Consciousness is late to the party, so to speak, after all options and then desire arises, initiating forward motion. Saying, "I chose it!" is an illusion and a boost to the ongoing creation of the illusory ego, which is what most people seem to think they are; or, more accurately, what Consciousness is tricked into thinking it is, after birth on planet Earth.
drmudd
not rated yet Jul 14, 2016
Although, you may think that your desire IS your "choice," its important to remember that we don't really consciously create desire. If we could, we would all be walking around in a state of bliss all the time, creating a strong enough desire to deal with anything. But we aren't in a state of bliss all the time because we don't have this power. And besides that, the WANTING to attempt to do that, itself, would already be a desire arising on its own!

But prove me wrong. Choose right now to change your personal sexuality to another type. From whatever you are, pick another one - any one of the others...

What... you don't want to do that? Then just choose to WANT to do that. Right now, in this moment, just do it...
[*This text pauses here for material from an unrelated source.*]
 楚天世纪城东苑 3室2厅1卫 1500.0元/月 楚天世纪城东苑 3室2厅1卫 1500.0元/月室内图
But alas, you can't, can you... How can anyone claim to have free will if they can only "choose" what they ALREADY desire and not what they don't? If you can't choose what you don't want, then how is that "free" and a power we control?
Arcesilaus
5 / 5 (1) Jul 14, 2016
Those who conducted the study have committed the fallacy of begging the question. That is, they have assumed free will exists and have made attempts to confirm this. In fact, they have demonstrated apparent choice which is still a product of prior causes that lie outside of the subjects' capacity of control. In studies of free will, one might wish to begin with the question: "Of what is the will, free?' Unless it can be shown that something called 'the will' is free of prior causes, it seems that our choices, decisions, and actions, will invariably be a product of prior causes beyond our control.
Eikka
not rated yet Jul 14, 2016
"But prove me wrong. Choose right now to change your personal sexuality to another type. From whatever you are, pick another one - any one of the others..."
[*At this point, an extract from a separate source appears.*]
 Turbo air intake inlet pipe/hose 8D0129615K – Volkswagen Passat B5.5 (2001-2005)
Just because you can't do it for some things doesn't mean you can't do it for all things, and how do you know you can't? Have you tried? Perhaps it takes some time and effort.
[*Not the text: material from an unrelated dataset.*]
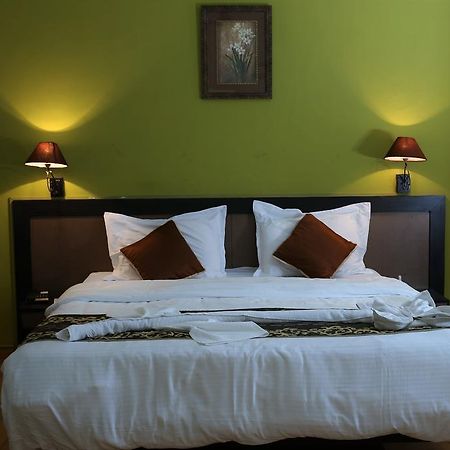 Alor Grande Holiday Resort Candolim Bagian luar foto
Everybody and everything are bound with causes and conditions, but that doesn't mean they cannot be free as well - just the degree to which they are changes with the causes and conditions. I can't sit and run at the same time.

You may not be free to change your sexuality directly, but you are free to take some hormone or mind-altering drug that does it for you - supposing such can exist, and we must if we argue that sexuality is purely a matter of bodily function and no psychology is involved.

Question is, why would you do that to yourself? Perhaps the will to live a normal life overrides the will to prove points
Eikka
not rated yet Jul 14, 2016
In fact, they have demonstrated apparent choice which is still a product of prior causes that lie outside of the subjects' capacity of control. In studies of free will, one might wish to begin with the question: "Of what is the will, free?'


Of what indeed. The problem is twofold:

First is the problem of making an arbitrary distinction of what the "subject" is. For example, you on a bicycle. Is the subject you alone, or do you include the bicycle? Certainly the act of riding the cycle limits your choices as to what you can do, and also opens other choices that would not exist without.

If you take a person and isolate them in a vacuum, they stop working, but if you include the bicycle, why not include the sun and the stars? It's all there, however small the effect.

The second problem is the meaning of "free". Can anything be free, or is everything just deterministic fate.